As recently as the early 2000s, Monterey Peninsula residents could head down to Monterey’s waterfront and pick up fresh, locally caught seafood on one of the city’s two wharves.
But with the collapse of the groundfish fishery – which includes species like sanddabs, petrale sole and rockfish – subsequent regulations drove local fishermen out of the market, even as the fishery as a whole has come back. Today, nearly all the fish sold on both wharves is far more likely to be from Canada or Asia than from Monterey Bay.
The Monterey Bay Fisheries Trust, a nonprofit started in late 2014, aims to change that, and is trying to revive the local fishing economy and rebuild the bridge between local fishermen and the local market.

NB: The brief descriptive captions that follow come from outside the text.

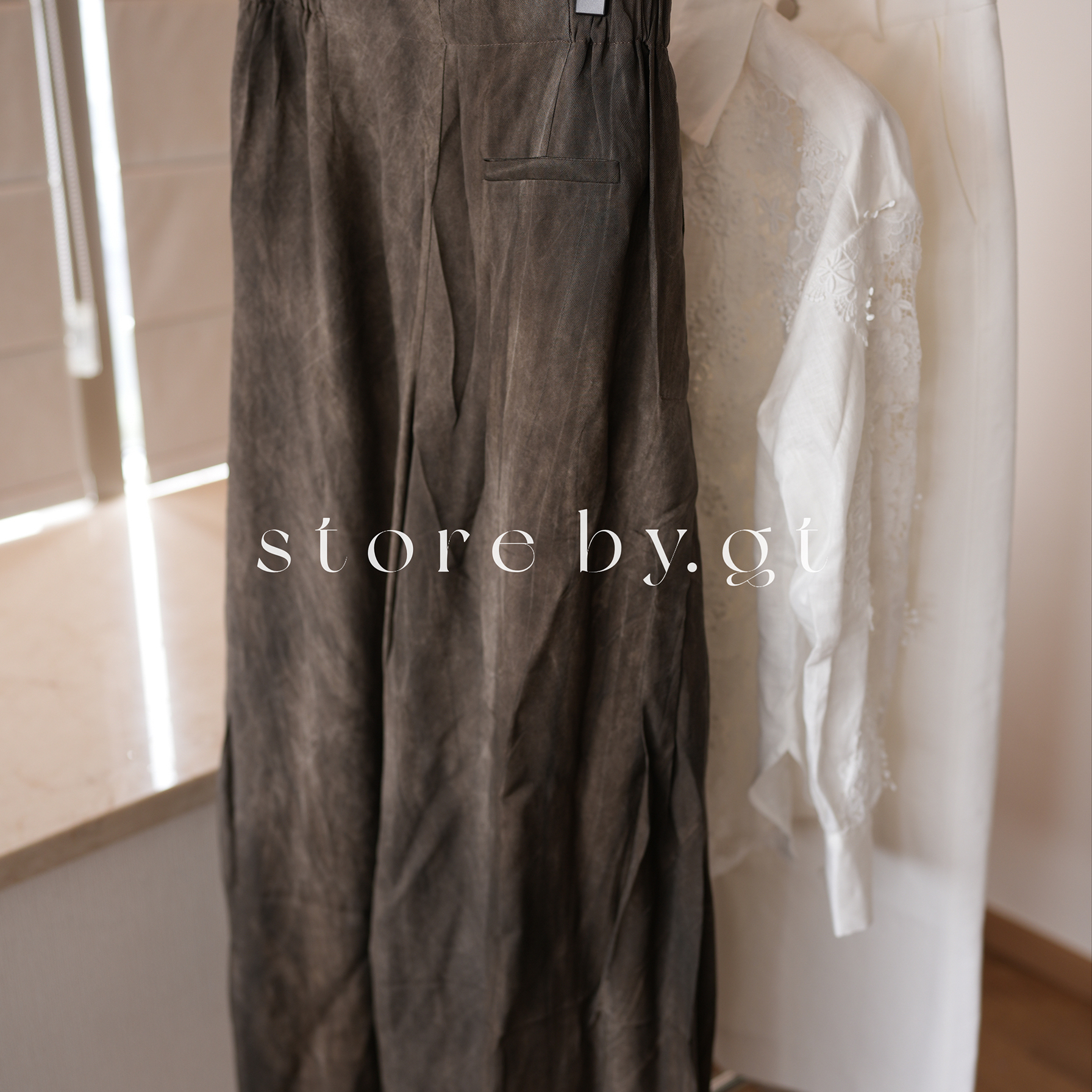 扎染渲染意大利复古做旧高腰阔腿裤 uma风宽松慵懒老钱风2025新款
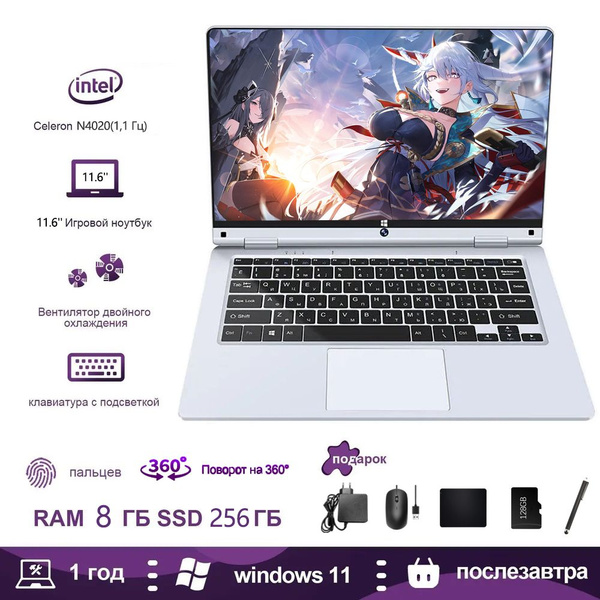 Характеристики Ноутбук 11.6",Windows 11, RAM 8 ГБ,256 ГБ SSD, Intel ...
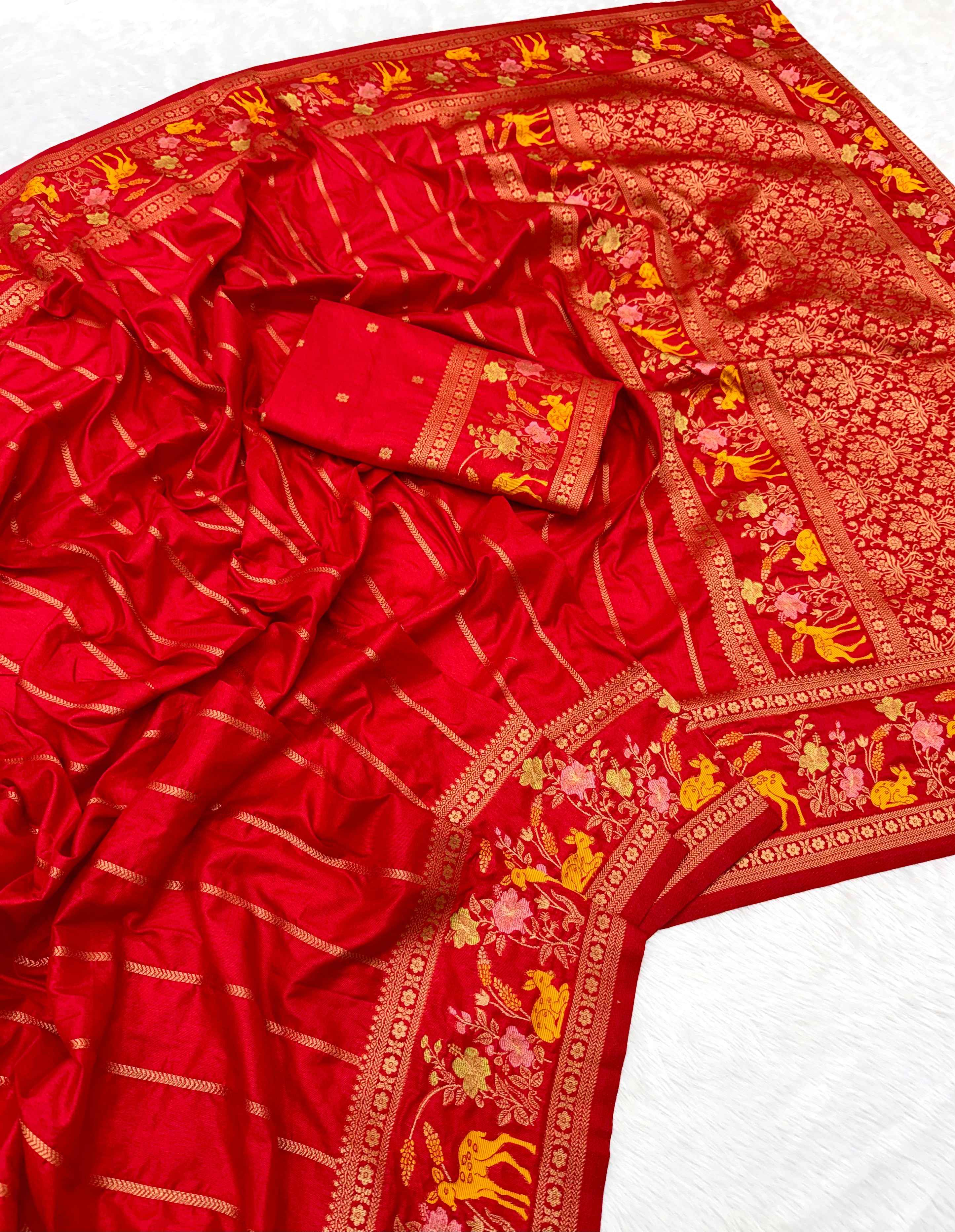 SOFT PURE KHADI DOLLA SILK JARI WEAVING SAREE 1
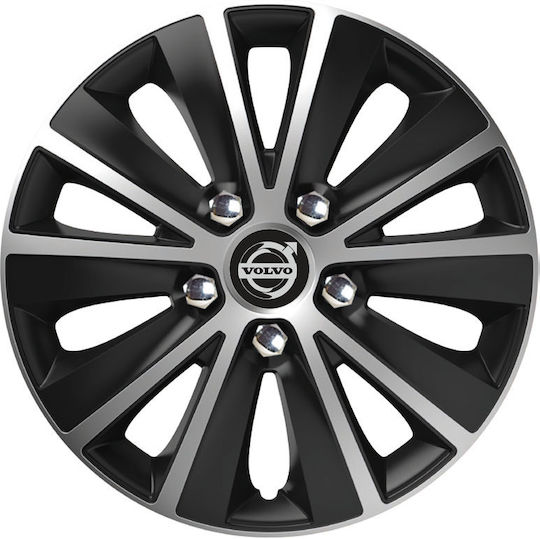 Car Wheel Hubcaps Versaco Paris Black Chrome Silver Bolts 14" 3d Metal Logo Volvo 4 Pieces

To that end, the trust – with a funding assist from the Monterey Bay Aquarium – initiated a feasibility study in late November to see what, if anything, can be done to solve the problem.
“Most people you talk to would love to have local fish in local markets,” says Sherry Flumerfelt, the trust’s executive director. “Why is that not working?”
To help find out, the trust hired food systems consultant Karen Karp, whose New York-based Karen Karp & Partners is leading the study, which began a few weeks ago and will wrap in March or April. Her firm will be looking at what infrastructure is already in place, and what the demand is for a local market.
Initial findings show a local marine science community buoyed by the recovery of groundfish, but also fishermen who still feel left out, Karp says. And because a lot of industry infrastructure disappeared with the local fishing economy, she’s trying to get a handle on what’s left.
Alan Lovewell, CEO of Moss Landing-based Real Good Fish – which sells local seafood deliveries to members – and is an adviser to the trust, sees only a limited potential in the near future due to market and regulatory constraints.
The best possible outcome of Karp & Partners’ study, he says, “is that we as a community get a clear understanding about what’s necessary to get more local seafood into restaurants.”